** Opening Records provided block **

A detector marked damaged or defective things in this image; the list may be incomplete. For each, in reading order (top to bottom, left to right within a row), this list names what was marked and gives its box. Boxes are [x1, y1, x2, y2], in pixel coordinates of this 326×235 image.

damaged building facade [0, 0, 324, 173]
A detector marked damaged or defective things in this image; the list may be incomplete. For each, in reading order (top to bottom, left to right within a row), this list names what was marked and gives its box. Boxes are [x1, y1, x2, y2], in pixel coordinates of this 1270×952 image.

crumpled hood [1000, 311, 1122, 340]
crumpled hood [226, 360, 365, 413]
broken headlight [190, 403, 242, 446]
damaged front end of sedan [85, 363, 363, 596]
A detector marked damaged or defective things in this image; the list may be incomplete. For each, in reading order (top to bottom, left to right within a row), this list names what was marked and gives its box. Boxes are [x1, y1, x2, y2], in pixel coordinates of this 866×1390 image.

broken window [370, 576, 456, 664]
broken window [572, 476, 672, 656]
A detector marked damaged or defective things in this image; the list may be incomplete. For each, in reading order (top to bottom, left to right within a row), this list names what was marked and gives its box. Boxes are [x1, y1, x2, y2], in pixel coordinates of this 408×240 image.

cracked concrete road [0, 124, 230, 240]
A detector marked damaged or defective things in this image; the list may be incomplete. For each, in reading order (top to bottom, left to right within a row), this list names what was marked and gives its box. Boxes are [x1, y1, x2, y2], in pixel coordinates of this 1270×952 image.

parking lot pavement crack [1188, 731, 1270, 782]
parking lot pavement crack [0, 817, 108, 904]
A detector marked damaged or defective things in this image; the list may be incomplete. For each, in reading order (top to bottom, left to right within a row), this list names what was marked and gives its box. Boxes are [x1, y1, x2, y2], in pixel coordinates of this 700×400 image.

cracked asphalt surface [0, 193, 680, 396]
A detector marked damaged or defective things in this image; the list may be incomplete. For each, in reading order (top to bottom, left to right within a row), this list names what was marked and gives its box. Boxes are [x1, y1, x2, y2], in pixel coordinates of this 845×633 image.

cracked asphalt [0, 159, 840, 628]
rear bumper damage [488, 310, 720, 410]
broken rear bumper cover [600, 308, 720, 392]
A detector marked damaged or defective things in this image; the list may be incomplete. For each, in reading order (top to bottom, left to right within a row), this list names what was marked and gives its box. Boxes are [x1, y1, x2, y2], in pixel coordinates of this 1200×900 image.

** Closing Records provided block **

Work instruction – Your task is to retype the whole listing, keeping every word exactly as it is.

Solution to this exercise –
A detector marked damaged or defective things in this image; the list may be incomplete. For each, in reading order (top to bottom, left to right within a row), this list names what was marked and gives its box. Boxes are [x1, y1, x2, y2], in pixel coordinates of this 326×235 image.

damaged building facade [0, 0, 324, 173]
A detector marked damaged or defective things in this image; the list may be incomplete. For each, in reading order (top to bottom, left to right within a row), this list names what was marked and gives its box. Boxes are [x1, y1, x2, y2], in pixel coordinates of this 1270×952 image.

crumpled hood [1000, 311, 1122, 340]
crumpled hood [226, 360, 365, 413]
broken headlight [190, 403, 242, 446]
damaged front end of sedan [85, 363, 363, 596]
A detector marked damaged or defective things in this image; the list may be incomplete. For each, in reading order (top to bottom, left to right within a row), this list names what was marked and gives its box. Boxes are [x1, y1, x2, y2], in pixel coordinates of this 866×1390 image.

broken window [370, 576, 456, 664]
broken window [572, 476, 672, 656]
A detector marked damaged or defective things in this image; the list may be incomplete. For each, in reading order (top to bottom, left to right within a row), this list names what was marked and gives its box. Boxes are [x1, y1, x2, y2], in pixel coordinates of this 408×240 image.

cracked concrete road [0, 124, 230, 240]
A detector marked damaged or defective things in this image; the list may be incomplete. For each, in reading order (top to bottom, left to right within a row), this list names what was marked and gives its box. Boxes are [x1, y1, x2, y2], in pixel coordinates of this 1270×952 image.

parking lot pavement crack [1188, 731, 1270, 782]
parking lot pavement crack [0, 817, 108, 904]
A detector marked damaged or defective things in this image; the list may be incomplete. For each, in reading order (top to bottom, left to right within a row), this list names what was marked and gives its box. Boxes are [x1, y1, x2, y2], in pixel coordinates of this 700×400 image.

cracked asphalt surface [0, 193, 680, 396]
A detector marked damaged or defective things in this image; the list may be incomplete. For each, in reading order (top to bottom, left to right within a row), this list names what was marked and gives its box. Boxes are [x1, y1, x2, y2], in pixel coordinates of this 845×633 image.

cracked asphalt [0, 159, 840, 628]
rear bumper damage [488, 310, 720, 410]
broken rear bumper cover [600, 308, 720, 392]
A detector marked damaged or defective things in this image; the list may be incomplete. For each, in reading order (top to bottom, left to right within a row), this list names what was marked and gives its box. Boxes are [x1, y1, x2, y2], in pixel coordinates of this 1200×900 image.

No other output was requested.